Economic activity remained strong through the end of 2025, although the pace of expansion continued to normalize. According to preliminary estimates, real GDP growth reached 7.5% in 2025, indicating that output was still expanding above Georgia’s longer-run trend even as the economy gradually converged toward potential. The growth mix remained favorable: less import-intensive and relatively high-productivity sectors continued to play a central role, while domestic demand showed clearer signs of normalization under still-tight monetary conditions.

Inflation remained above the 3% target around the turn of the year, but the composition of price pressures still points to a largely temporary shock profile. Realized average inflation in 2025 amounted to 3.9%, while as of January 2026 headline inflation stood at 4.8% y/y. The increase was driven mainly by food prices, one-off domestic price adjustments, and volatility in agricultural products. At the same time, underlying inflation remained much more contained: core inflation stood at 2.1%, while services inflation reached 3.0%, suggesting that broader inflation expectations remained relatively stable.

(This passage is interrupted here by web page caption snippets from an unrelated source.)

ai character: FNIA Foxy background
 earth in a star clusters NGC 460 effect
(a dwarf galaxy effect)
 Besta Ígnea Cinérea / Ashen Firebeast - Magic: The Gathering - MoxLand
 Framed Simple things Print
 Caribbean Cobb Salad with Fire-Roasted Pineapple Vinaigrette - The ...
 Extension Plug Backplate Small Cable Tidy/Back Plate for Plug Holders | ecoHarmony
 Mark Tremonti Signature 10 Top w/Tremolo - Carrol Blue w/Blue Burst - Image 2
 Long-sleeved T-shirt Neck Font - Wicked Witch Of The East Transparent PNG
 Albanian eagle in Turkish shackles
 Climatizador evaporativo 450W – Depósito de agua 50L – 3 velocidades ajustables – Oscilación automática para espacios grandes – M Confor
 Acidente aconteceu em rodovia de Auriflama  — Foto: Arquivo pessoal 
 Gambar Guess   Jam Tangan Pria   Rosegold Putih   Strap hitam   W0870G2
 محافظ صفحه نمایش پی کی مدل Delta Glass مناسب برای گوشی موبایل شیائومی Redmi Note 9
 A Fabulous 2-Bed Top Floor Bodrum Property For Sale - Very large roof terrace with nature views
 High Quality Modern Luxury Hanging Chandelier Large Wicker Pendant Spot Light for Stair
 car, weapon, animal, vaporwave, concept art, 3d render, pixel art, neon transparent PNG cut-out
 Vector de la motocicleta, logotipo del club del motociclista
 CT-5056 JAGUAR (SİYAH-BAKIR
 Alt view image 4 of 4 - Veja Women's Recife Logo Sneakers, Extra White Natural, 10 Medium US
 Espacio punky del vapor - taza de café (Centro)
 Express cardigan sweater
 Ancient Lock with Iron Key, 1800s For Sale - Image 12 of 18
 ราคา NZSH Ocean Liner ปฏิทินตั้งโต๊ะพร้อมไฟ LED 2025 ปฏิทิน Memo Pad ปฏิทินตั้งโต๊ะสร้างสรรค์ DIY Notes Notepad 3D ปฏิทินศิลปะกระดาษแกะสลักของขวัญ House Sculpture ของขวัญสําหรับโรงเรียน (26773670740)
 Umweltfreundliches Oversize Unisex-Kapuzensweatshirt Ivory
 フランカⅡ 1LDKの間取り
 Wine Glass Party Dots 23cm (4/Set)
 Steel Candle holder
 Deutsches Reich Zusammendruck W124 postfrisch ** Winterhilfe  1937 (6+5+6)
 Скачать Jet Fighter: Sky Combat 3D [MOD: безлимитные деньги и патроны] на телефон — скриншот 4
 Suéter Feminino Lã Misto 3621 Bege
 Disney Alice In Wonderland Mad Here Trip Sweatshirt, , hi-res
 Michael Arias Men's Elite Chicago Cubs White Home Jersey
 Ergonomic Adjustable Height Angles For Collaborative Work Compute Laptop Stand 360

The external position improved further by the end of 2025. Structural shifts toward less import-intensive sectors, weaker import growth, stronger services exports, and firmer remittance inflows all supported the current account. Tourism revenues increased by 6.0% in 2025, ICT exports remained high at 2.9% of GDP in the first three quarters of the year, and remittances rose by 8.5% annually. Against this backdrop, the current account deficit improved relative to its estimated long-term equilibrium of about 5% of GDP, while exchange-rate conditions remained broadly supportive of macroeconomic stability and deposit dollarization declined to 47.7% by year-end.